Start of Material for this exercise

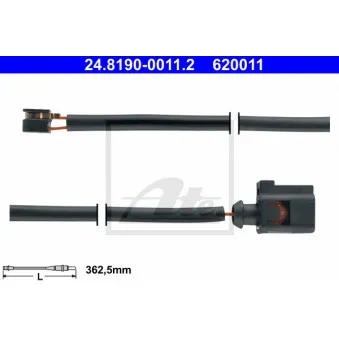 Contact d'avertissement, usure des plaquettes de frein ATE 24.8190-0011.2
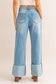 High-Waisted Wide Leg Cuffed Jeans wide leg jeans LE LIS 
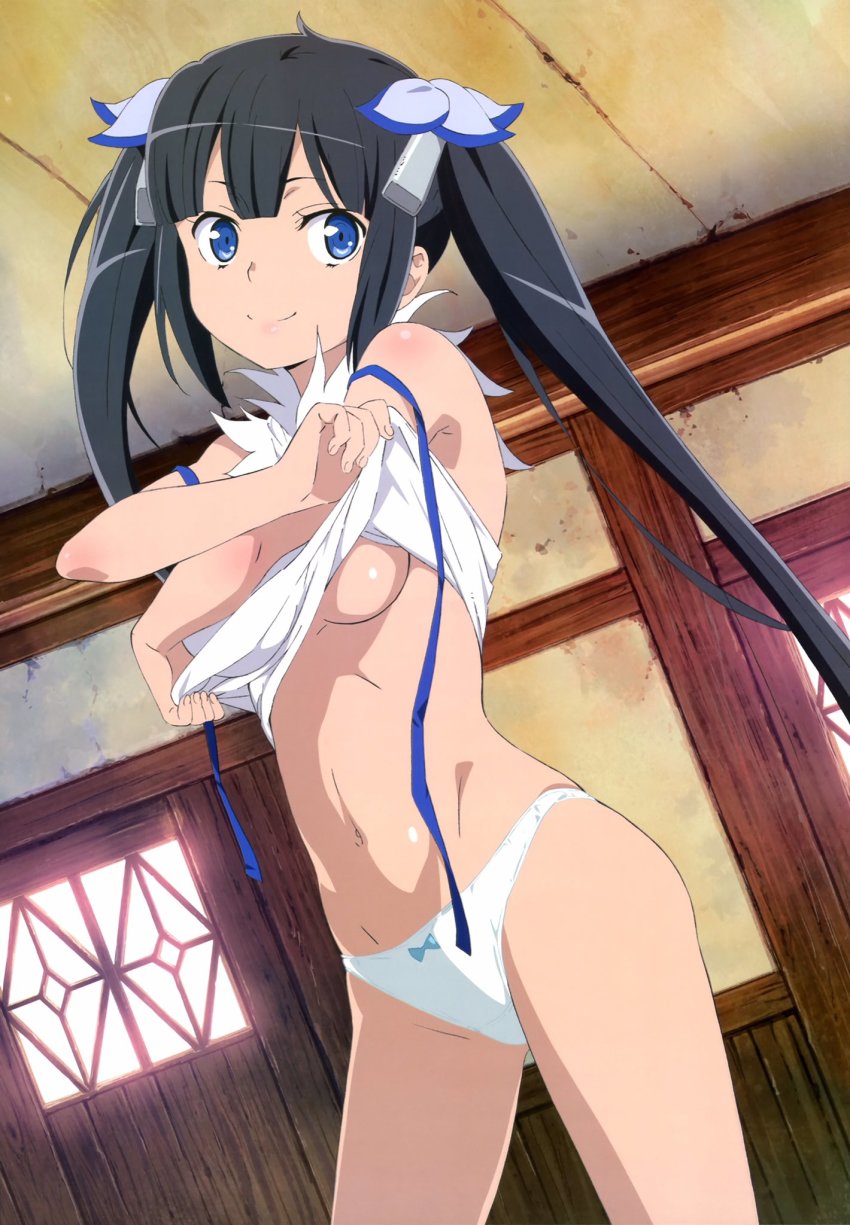1girls, black hair, blue eyes, breasts, dungeon ni deai wo motomeru no wa machigatteiru darou ka, female, female focus, hestia (danmachi), long hair, tagme, twintails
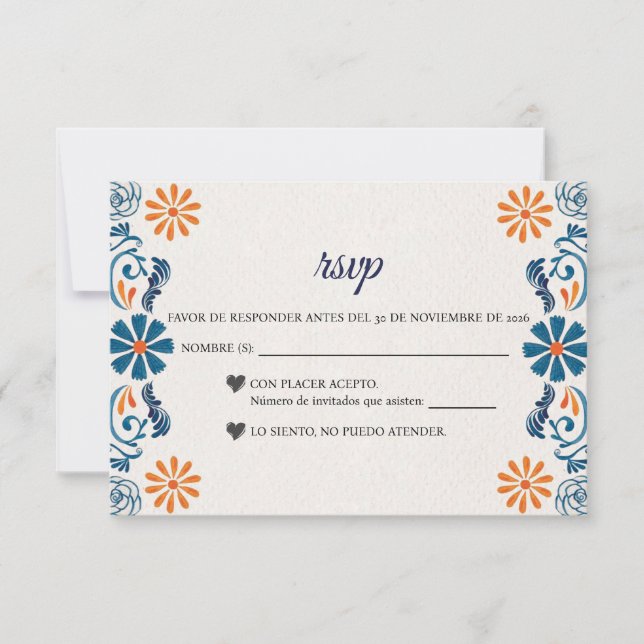 Blue Orange Floral Elegant Fiesta Spanish Wedding OSA Kort (Framsida)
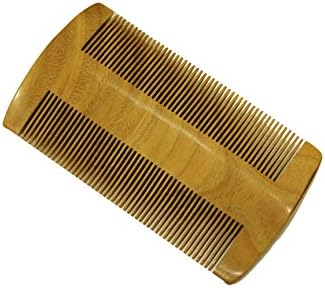 CombHub Mixed Teeth Beard & Hair Comb - Fine Teeth & Medium Teeth - Green Sandalwood Wooden Comb - WC071
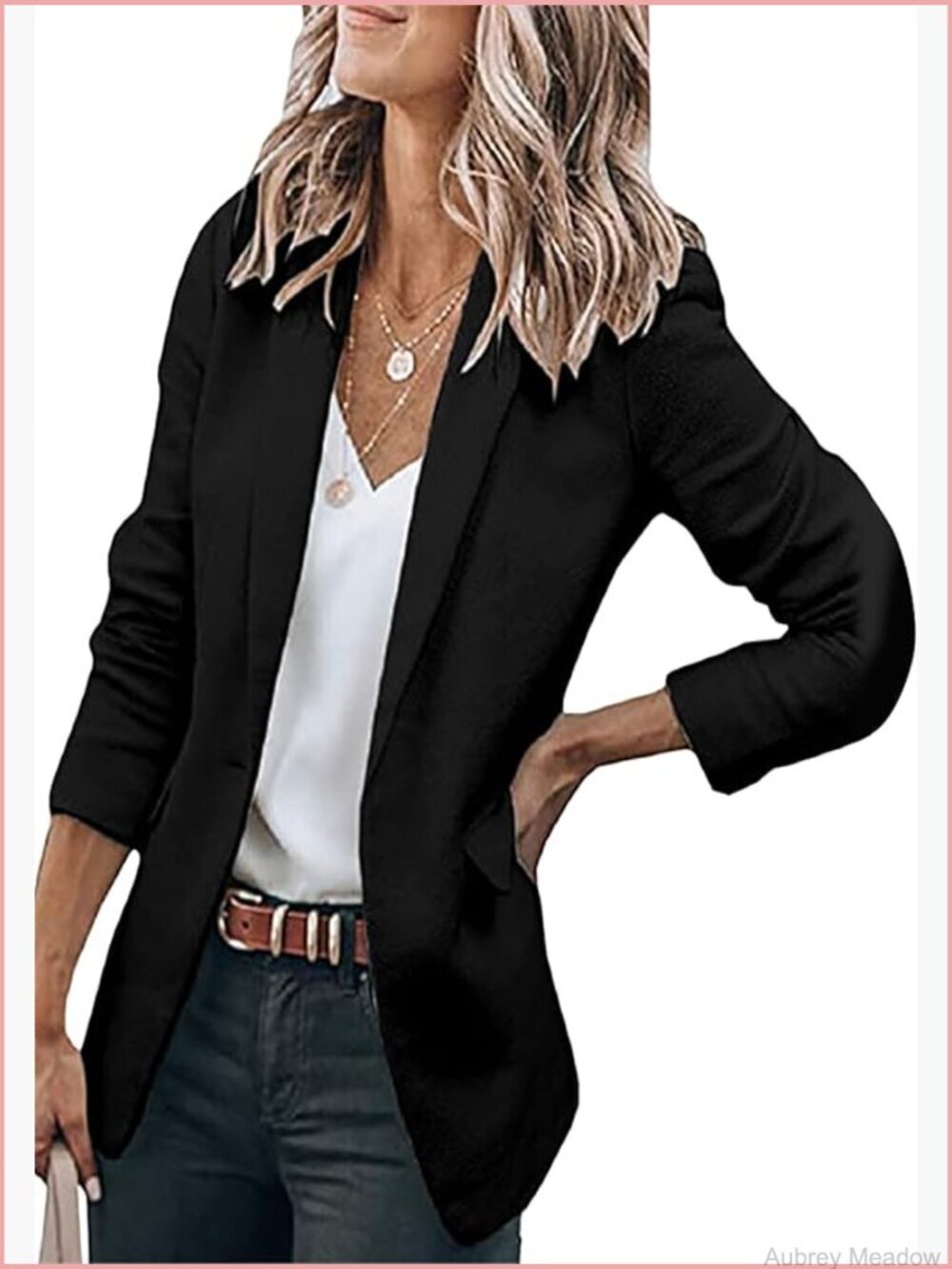 Casual Lapel Long Sleeve Blazer Open Front Work Jacket with Pockets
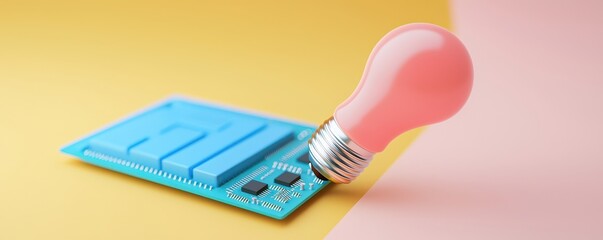 A light bulb is creatively placed on a blue circuit board against a pastel background, symbolizing innovation and technology.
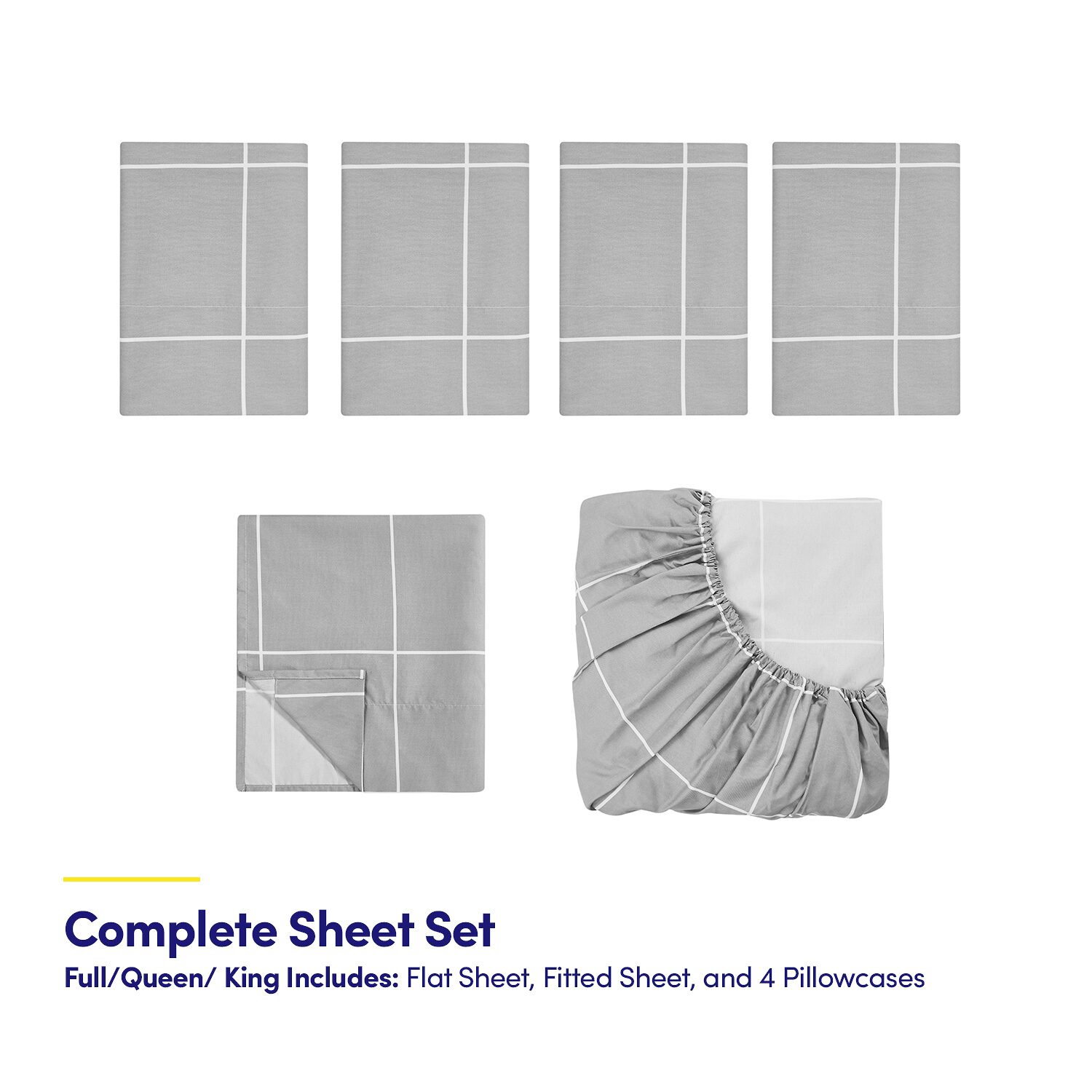 Sweet Home Collection™ Window Pane Printed Sheet Set, Deluxe Ultra Soft, Double Brushed Microfiber with Bonus Pillowcases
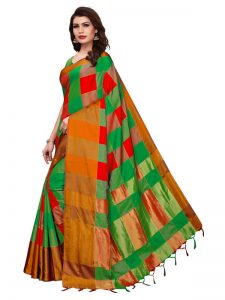 Salimar Mustard Cotton Polyester Silk Weaving Saree With Blouse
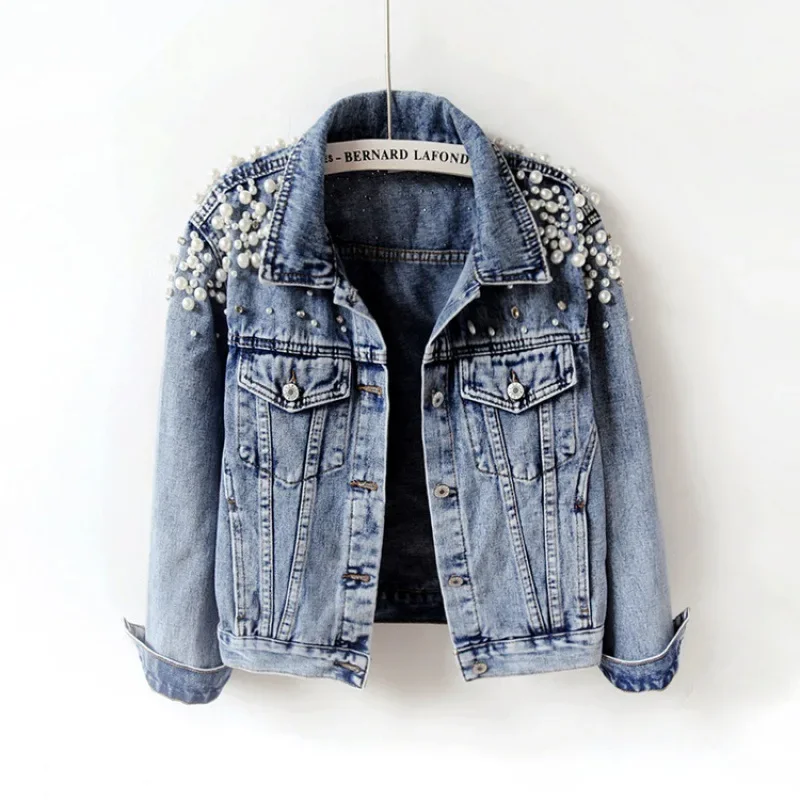 Veste de Luxe en Denim avec Perles pour Femme, Vêtement de Travail, Manteau Court, Tenue Décontractée, Tendance, 1 Pièce, Printemps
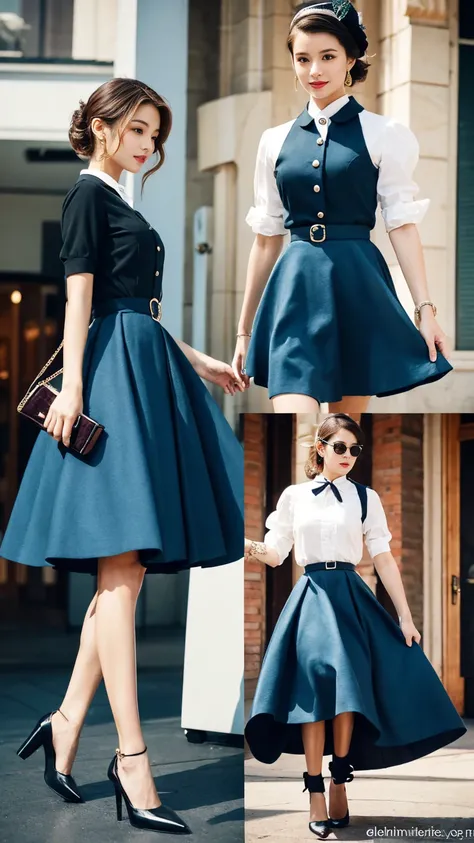 The fashion style of the 50s was characterized by elegance and conservatism.，The most fashionable outfits include：

A-line skirt：A-line skirt是50年代女性的标志性单品，It cinches at the waist，The skirt flares outwards，Elegant and suitable for all body types。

End of Material for this exercise

Excluding the pictures, transcribe all of the entries exactly.

*Exercise response*.
 Contact d'avertissement, usure des plaquettes de frein ATE 24.8190-0011.2
 High-Waisted Wide Leg Cuffed Jeans wide leg jeans LE LIS 
1girls, black hair, blue eyes, breasts, dungeon ni deai wo motomeru no wa machigatteiru darou ka, female, female focus, hestia (danmachi), long hair, tagme, twintails
 Blue Orange Floral Elegant Fiesta Spanish Wedding OSA Kort (Framsida)
 CombHub Mixed Teeth Beard & Hair Comb - Fine Teeth & Medium Teeth - Green Sandalwood Wooden Comb - WC071
 Casual Lapel Long Sleeve Blazer Open Front Work Jacket with Pockets
 A light bulb is creatively placed on a blue circuit board against a pastel background, symbolizing innovation and technology.
 Sweet Home Collection™ Window Pane Printed Sheet Set, Deluxe Ultra Soft, Double Brushed Microfiber with Bonus Pillowcases
 Salimar Mustard Cotton Polyester Silk Weaving Saree With Blouse
 Veste de Luxe en Denim avec Perles pour Femme, Vêtement de Travail, Manteau Court, Tenue Décontractée, Tendance, 1 Pièce, Printemps
 The fashion style of the 50s was characterized by elegance and conservatism.，The most fashionable outfits include：

A-line skirt：A-line skirt是50年代女性的标志性单品，It cinches at the waist，The skirt flares outwards，Elegant and suitable for all body types。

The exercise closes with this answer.